La Cour Européenne des Droits de l'homme a sanctionné mardi en appel la surveillance des courriels privés par un employeur en Roumanie pour licencier un de ses salariés en 2007. Les juges de la Grande Chambre, l'instance suprême de la CEDH statuant en appel d'une décision de 2016, ont considéré que « les autorités nationales (roumaines) n'ont pas correctement protégé le droit de M. Bogdan Mihai Barbulescu au respect de sa vie privée et de sa correspondance et n'ont donc pas ménagé un juste équilibre entre les intérêts en jeu », précise la décision adoptée par 11 voix contre 6.
La décision de la Grande Chambre constitue un revirement de la position de la CEDH et elle est appelée à faire jurisprudence pour les 47 membres du Conseil de l'Europe. Elle répond aux demandes de la Confédération européenne des Syndicats (CES) et du gouvernement français de mieux encadrer la surveillance de l'utilisation de l'internet exercée par une entreprise.
Invité de Sénat 360 pour décrypter cette décision, l’avocat Eric Barbry, directeur du pôle droit numérique du cabinet d’avocat Bensoussan, souligne que cette décision « change tout et ne change rien » car « un employeur pourra continuer à surveiller » son employé.
Mails surveillés : la décision de la CEDH « change tout et ne change rien »

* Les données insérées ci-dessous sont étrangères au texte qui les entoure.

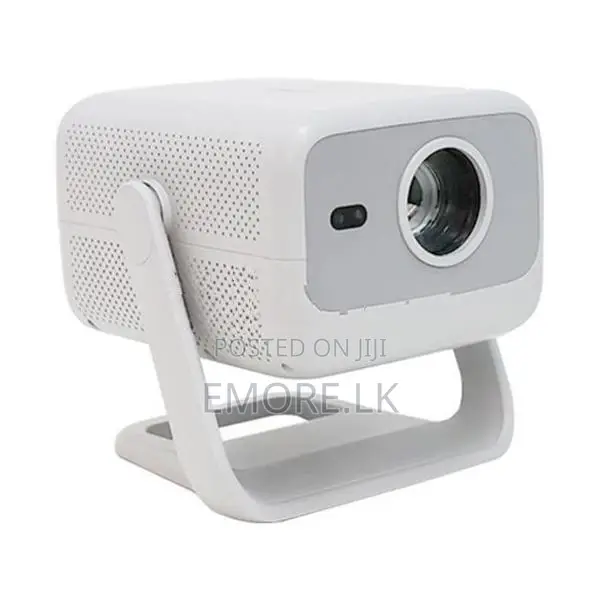 Smart High Resolution Projector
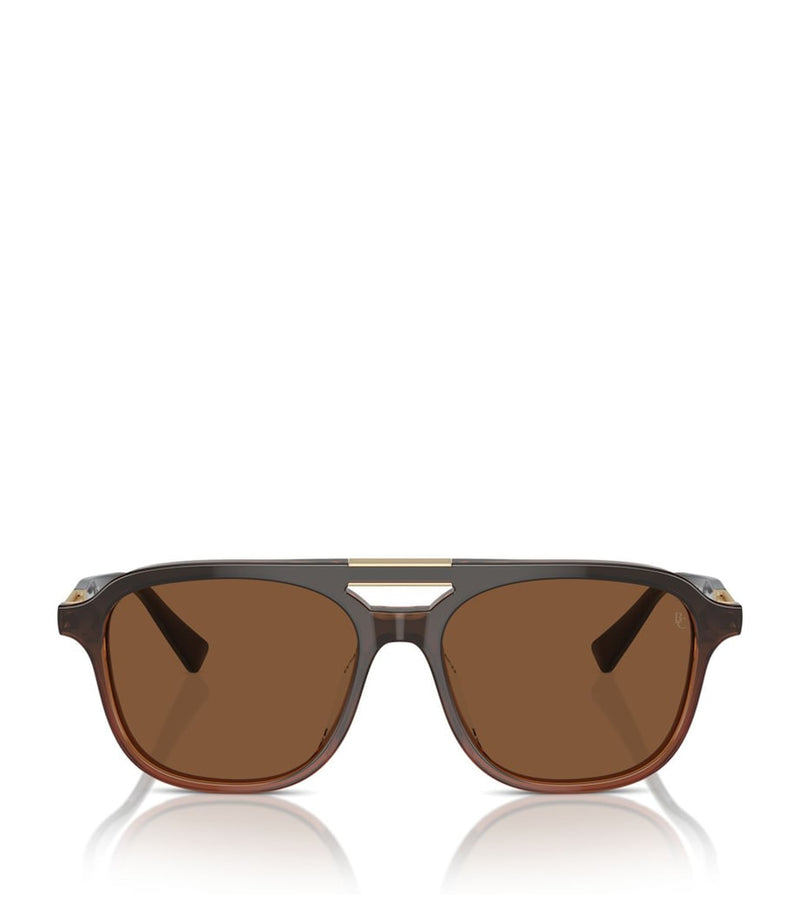 Brunello Cucinelli sunglasses BC4001S, imported from the UK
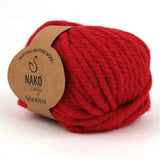 Nako Natural Wool [100g] SCYarn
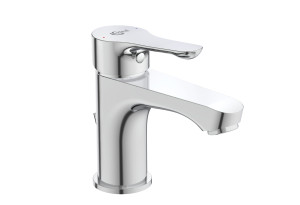 Μπαταρία Νιπτήρα Ideal Standard Dot Χρωμέ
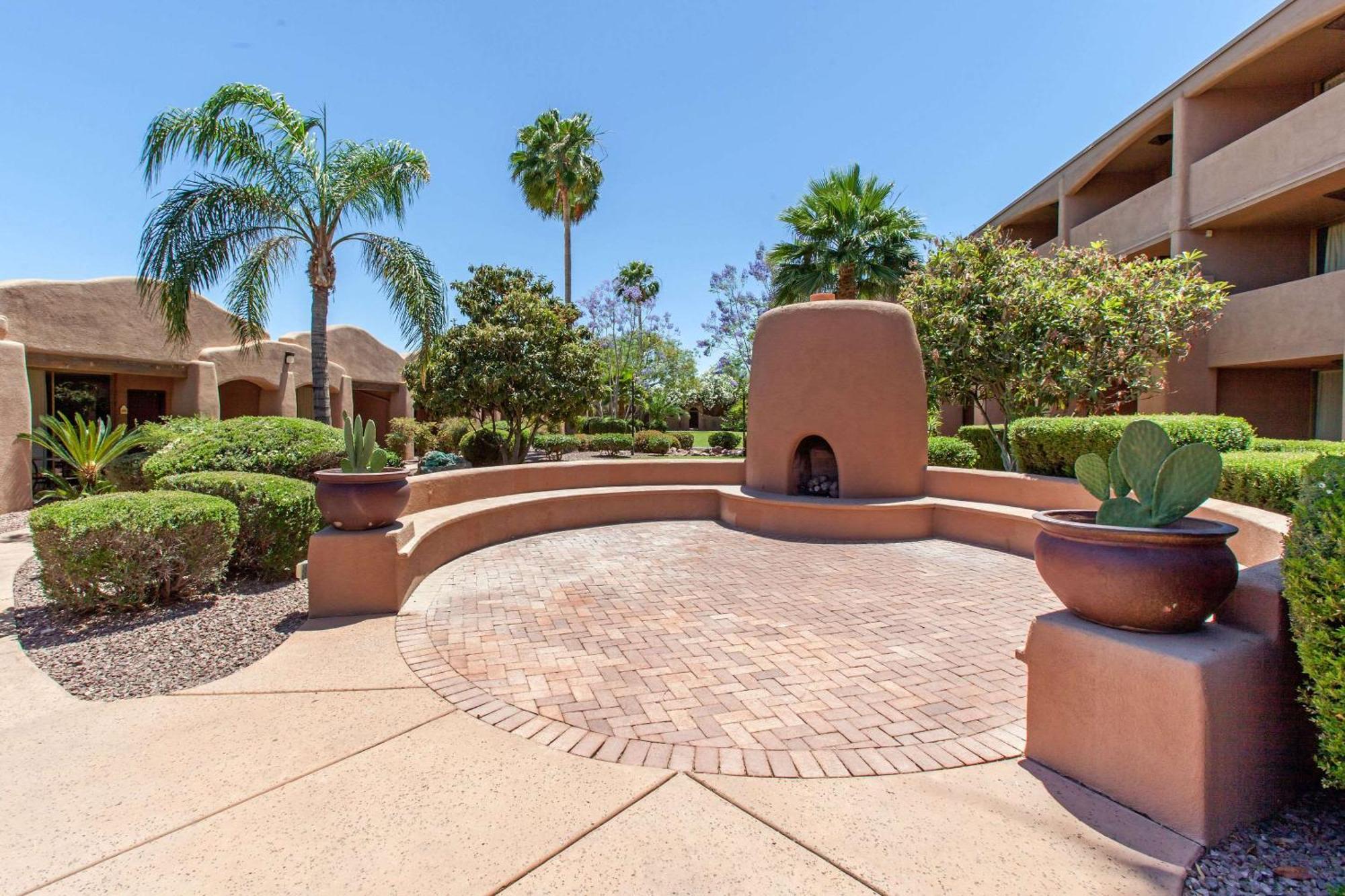 La Posada Lodge & Casitas, Ascend Hotel Collection Tucson Exterior photo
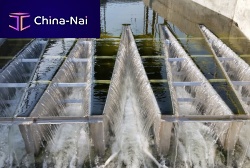 Sequencing batch reactor EcoCycle SBRfor wastewater treatmentbasic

« Ça ne change rien sur le principe juridique : la Cour européenne dit qu’un employeur a le droit de contrôler ce que font ses salariés. Mais elle dit aussi que le salarié a le droit à sa vie privée résiduelle » explique-t-il. « Si je veux utiliser de manière résiduelle ma messagerie personnelle, (…) tant que je n’en abuse pas, personne ne pourra m’en empêcher. Si je marque « personnel » en plus, personne ne pourra l’ouvrir. Là, ça ne change rien. Mais la Cour donne des critères supplémentaires » ajoute Eric Barbry, notamment sur le fait de savoir « si le salarié a bien été informé qu’il était contrôlé ». La décision a elle été rendue sur le fait « qu’il y ait eu une surveillance permanente, massive, pas ponctuelle et pas forcément justifiée ».